# My first ABT attempt



## patg (Dec 27, 2014)

So after reading these threads I decided what the heck I will throw together my attempt at an ABT.  I used the japs soaked in sprite for about 45 min hopefully it was long enough.  For the filling I used mild ITalian sausage,whipped cream cheese and 6 blend italian shredded cheese.  Wrapped in bacon and now smoking using cherry and pecan wood.  













20141227_142147.jpg



__ patg
__ Dec 27, 2014


----------



## bear55 (Dec 27, 2014)

I've never soaked mine in sprite.  Let me know how they turn out...


----------



## patg (Dec 27, 2014)

Will do bear.  I had to soak them to cut the heat but I don't know if it was long enough.  We'll see.


----------



## patg (Dec 27, 2014)

20141227_170742.jpg



__ patg
__ Dec 27, 2014





  The finished product.  Just a taste of spice nothing more and got rave reviews.  I keep this up I will be catering everywhere we go.  The pink one was broiled a bit longer.  It wasn't done done because I hid that one under a slice of leftover bacon.


----------



## so ms smoker (Dec 27, 2014)

hey look good! And the stuffing mix sounds great too!

   Mike


----------



## patg (Dec 27, 2014)

It was really good.  Missed a little more something.  Not quite sure what maybe just a hint more heat.


----------



## patg (Dec 27, 2014)

Thanks Mike!


----------



## so ms smoker (Dec 27, 2014)

Taking out the seeds and ribs takes out most of the heat and leaves you with a somewhat spicey ABT. I have not heard of soaking in sprite, but it doesn't hurt to try new things!

   Mike


----------



## WaterinHoleBrew (Dec 27, 2014)

My last batch of ABT's I soaked half in sprite overnite & we thought it calmed them down some.  I soaked half for the fam as they don't like spicy....
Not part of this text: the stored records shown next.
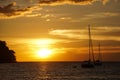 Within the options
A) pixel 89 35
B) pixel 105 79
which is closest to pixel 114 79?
pixel 105 79

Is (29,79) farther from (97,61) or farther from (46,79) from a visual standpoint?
(97,61)

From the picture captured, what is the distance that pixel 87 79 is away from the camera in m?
102

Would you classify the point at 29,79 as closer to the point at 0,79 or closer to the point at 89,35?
the point at 0,79

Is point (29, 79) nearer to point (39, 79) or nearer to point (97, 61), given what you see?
point (39, 79)

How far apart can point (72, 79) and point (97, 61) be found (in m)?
92.4

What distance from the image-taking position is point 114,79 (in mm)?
100875

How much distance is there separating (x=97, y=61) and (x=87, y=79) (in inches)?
3598

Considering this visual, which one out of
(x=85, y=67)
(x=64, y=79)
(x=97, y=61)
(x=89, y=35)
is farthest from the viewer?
(x=97, y=61)

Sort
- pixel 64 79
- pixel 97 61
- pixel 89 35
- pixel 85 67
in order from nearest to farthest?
pixel 64 79, pixel 89 35, pixel 85 67, pixel 97 61

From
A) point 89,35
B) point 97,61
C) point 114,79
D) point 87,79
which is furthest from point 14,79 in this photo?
point 97,61

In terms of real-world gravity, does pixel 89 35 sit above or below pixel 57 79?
above

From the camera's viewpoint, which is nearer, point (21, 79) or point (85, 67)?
point (21, 79)

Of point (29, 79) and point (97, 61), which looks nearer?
point (29, 79)

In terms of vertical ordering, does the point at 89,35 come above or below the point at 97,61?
above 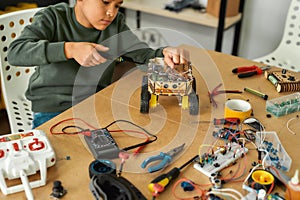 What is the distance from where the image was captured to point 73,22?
145 centimetres

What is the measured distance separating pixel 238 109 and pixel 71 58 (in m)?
0.56

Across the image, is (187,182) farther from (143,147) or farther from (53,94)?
(53,94)

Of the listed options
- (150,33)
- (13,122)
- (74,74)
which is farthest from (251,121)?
(150,33)

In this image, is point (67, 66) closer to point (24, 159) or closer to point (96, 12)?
point (96, 12)

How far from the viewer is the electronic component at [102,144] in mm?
1026

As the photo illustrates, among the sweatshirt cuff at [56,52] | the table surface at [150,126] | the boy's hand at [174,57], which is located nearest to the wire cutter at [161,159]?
the table surface at [150,126]

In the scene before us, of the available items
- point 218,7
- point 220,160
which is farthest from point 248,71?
point 218,7

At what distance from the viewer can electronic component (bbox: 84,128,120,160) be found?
103 centimetres

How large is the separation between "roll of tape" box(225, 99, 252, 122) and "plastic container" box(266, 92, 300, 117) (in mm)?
70

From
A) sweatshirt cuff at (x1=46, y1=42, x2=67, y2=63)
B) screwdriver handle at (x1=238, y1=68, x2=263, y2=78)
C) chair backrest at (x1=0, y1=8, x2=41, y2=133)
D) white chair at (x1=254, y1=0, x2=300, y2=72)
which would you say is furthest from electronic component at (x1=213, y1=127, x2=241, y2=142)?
white chair at (x1=254, y1=0, x2=300, y2=72)

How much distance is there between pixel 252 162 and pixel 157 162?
237 mm

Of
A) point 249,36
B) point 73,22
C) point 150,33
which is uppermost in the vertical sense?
point 73,22

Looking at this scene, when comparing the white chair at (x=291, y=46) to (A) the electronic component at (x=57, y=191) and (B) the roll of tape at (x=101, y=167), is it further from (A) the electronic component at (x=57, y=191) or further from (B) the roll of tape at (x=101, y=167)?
(A) the electronic component at (x=57, y=191)

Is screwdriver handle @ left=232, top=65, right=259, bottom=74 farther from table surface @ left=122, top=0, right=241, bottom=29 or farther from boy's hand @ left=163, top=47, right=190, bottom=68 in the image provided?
table surface @ left=122, top=0, right=241, bottom=29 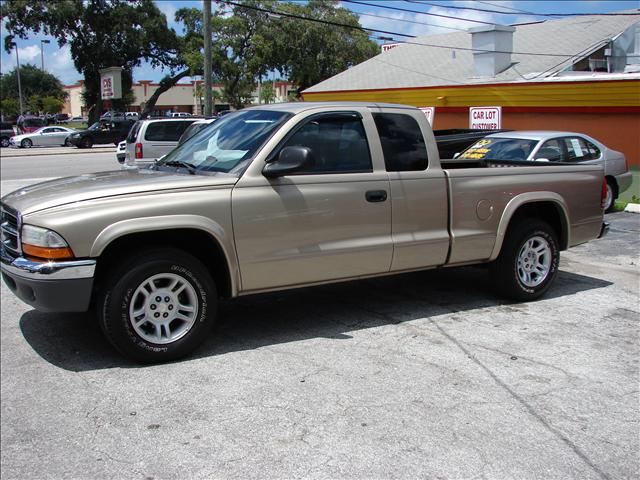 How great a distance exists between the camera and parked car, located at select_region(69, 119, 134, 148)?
38.4 metres

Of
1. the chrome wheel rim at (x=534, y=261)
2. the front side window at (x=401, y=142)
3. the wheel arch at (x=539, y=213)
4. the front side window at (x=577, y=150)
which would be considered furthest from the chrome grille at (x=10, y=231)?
the front side window at (x=577, y=150)

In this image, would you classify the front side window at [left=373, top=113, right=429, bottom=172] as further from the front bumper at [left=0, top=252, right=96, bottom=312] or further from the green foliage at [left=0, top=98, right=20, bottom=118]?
the green foliage at [left=0, top=98, right=20, bottom=118]

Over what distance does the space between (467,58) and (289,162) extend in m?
21.9

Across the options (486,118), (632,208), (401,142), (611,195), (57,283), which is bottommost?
(632,208)

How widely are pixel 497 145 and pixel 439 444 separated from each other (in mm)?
Result: 8103

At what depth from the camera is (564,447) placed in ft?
12.3

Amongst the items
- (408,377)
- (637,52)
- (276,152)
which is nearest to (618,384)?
(408,377)

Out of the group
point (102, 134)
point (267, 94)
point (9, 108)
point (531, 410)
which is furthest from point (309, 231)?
point (9, 108)

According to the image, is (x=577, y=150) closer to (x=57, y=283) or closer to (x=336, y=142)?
(x=336, y=142)

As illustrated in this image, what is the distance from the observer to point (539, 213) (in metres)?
6.79

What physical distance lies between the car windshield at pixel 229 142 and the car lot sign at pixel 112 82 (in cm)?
3739

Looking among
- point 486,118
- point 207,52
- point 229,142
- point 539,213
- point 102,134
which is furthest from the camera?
point 102,134

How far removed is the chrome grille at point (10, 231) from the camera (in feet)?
15.1

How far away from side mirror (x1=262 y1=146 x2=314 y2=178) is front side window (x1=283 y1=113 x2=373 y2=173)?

BTW, nice lookin ABT's Pat !


----------



## patg (Dec 27, 2014)

Thanks!  The Sprite worked I left a few unsoaked for the people who can handle heat and they said they had the right amount of heat.  The soaked had very little to no heat at all.


----------



## dirtsailor2003 (Dec 28, 2014)

Tasty looking ABT's! We love the heat but have friends that don't. I won't do the sprite soak, so I just buy the mini bell peppers. They work great and add a bit of color to the mix.


----------



## patg (Jan 7, 2015)

Made a second batch on NYE and this time I tweaked the filling I added garlic powder and italian seasoning mix and a few dashes of hot sauce.  Was much better the second time around, the first time although good it was a little flat.


----------



## WaterinHoleBrew (Jan 7, 2015)

PatG said:


> Made a second batch on NYE and this time I tweaked the filling I added garlic powder and italian seasoning mix and a few dashes of hot sauce.  Was much better the second time around, the first time although good it was a little flat.



That's what makes smokin fun, no rules & tweak it to what ya like !  Thumbs Up


----------